A successful lighting scheme that meets practical needs and creates atmosphere plays an important part in establishing the style and character of your home.

There’s more to home lighting than a central ceiling fixture backed up by a couple of wall or table lamps. A well-planned lighting scheme should be both practical and decorative.

On the practical side, the right sort of lighting provides illumination for cooking, cleaning, sewing, reading, and many other day-to-day tasks. Decorative lighting helps to create a relaxed atmosphere, and should complement your color scheme and furnishings.

A successful home lighting scheme is made up of several different elements. Most rooms will need a carefully thought-out mixture of these effects to work well.

Lighting Choices General lighting provides overall or background light and should be used in every room.

A hanging ceiling light is a common type of light fitting, offering a variety of shade styles in materials as diverse as fabric, paper, or metal. A ceiling pendant that is the sole source of light in a room is a limiting choice; it provides a bright central space with shadowy edges.

Recessed or semi-recessed low voltage down lights spaced across the ceiling will give a good level of clear light. Depending on the type of bulb used, and the housing, a recessed down light can spread light over a wide area or in a narrow beam. Semi-recessed down lights (sometimes called eyeballs) can be swiveled.

Controlling down lights with a dimmer system is a good idea because you can then have some of the lights off while others are on, and can vary brightness.

Task lighting is designed to give concentrated, directional light over a small area and may be used in conjunction with general and accent fixtures. The type of task lighting you choose depends on the activity you have in mind.

A desk light with a flexible arm is the perfect example, as it can be adjusted to provide light exactly where it is needed.

A reading lamp should be tall enough to shine onto the pages of the book, but not into your eyes. A floor lamp positioned behind the reader is ideal.

Light for writing, sewing, or any other hobby should be positioned so that it shines down onto the work. Rise and fall pendants are useful for this, especially if you work at the dining table. Recessed strip lighting is useful for providing countertop light in a kitchen. Accent lighting is used to show off plants, pictures, collections, and interesting architectural features. There are many different types, which can be used to light objects from above, below or behind, or at an angle.

A narrow beam halogen down light may be used to light a single vase or piece of china. The lower part of the object remains in shade, so this gives a dramatic floating effect.

Pictures are often lit from above. An adjustable eyeball or ceiling spotlight focused on the picture, or a special framing spotlight, which will flood the painting with light but leave the walls around it in shadow, are worth considering, as well as the traditional brass picture light.
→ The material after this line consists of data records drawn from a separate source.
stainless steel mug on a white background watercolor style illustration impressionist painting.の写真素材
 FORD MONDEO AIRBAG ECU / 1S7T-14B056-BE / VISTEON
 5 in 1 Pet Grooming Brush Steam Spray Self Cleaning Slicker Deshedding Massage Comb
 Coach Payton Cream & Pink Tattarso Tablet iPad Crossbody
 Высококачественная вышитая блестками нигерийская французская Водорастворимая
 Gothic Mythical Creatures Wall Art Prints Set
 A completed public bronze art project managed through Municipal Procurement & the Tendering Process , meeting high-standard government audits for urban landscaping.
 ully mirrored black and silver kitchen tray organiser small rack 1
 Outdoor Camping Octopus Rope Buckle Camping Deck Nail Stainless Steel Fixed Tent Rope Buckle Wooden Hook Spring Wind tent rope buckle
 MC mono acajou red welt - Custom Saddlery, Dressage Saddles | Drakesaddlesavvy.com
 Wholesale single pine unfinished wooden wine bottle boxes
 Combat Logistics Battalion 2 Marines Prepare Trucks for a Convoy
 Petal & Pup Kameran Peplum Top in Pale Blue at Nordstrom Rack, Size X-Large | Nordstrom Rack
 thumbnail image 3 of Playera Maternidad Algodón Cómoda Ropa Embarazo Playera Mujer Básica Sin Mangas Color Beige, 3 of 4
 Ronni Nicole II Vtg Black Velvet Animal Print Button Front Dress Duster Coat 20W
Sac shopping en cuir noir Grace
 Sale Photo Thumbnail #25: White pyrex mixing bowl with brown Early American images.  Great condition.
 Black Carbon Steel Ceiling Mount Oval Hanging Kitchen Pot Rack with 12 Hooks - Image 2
A table lamp with a wide based shade will throw a pool of light onto the surface below it and is an attractive way to light a small collection or some framed photographs.

Floor standing drum torchieres can be positioned below large plants to create dramatic leaf patterns on the walls and ceiling. You can light objects on glass shelves very effectively by positioning a row of small halogen spotlights below the bottom shelf. Wall-mounted sconces, wall washers, or tall floor lamp-style designs will illuminate the detail on an interesting cornice or ceiling.

Small floor torchieres positioned behind a sofa or armchair will wash the walls with light and make the room seem larger.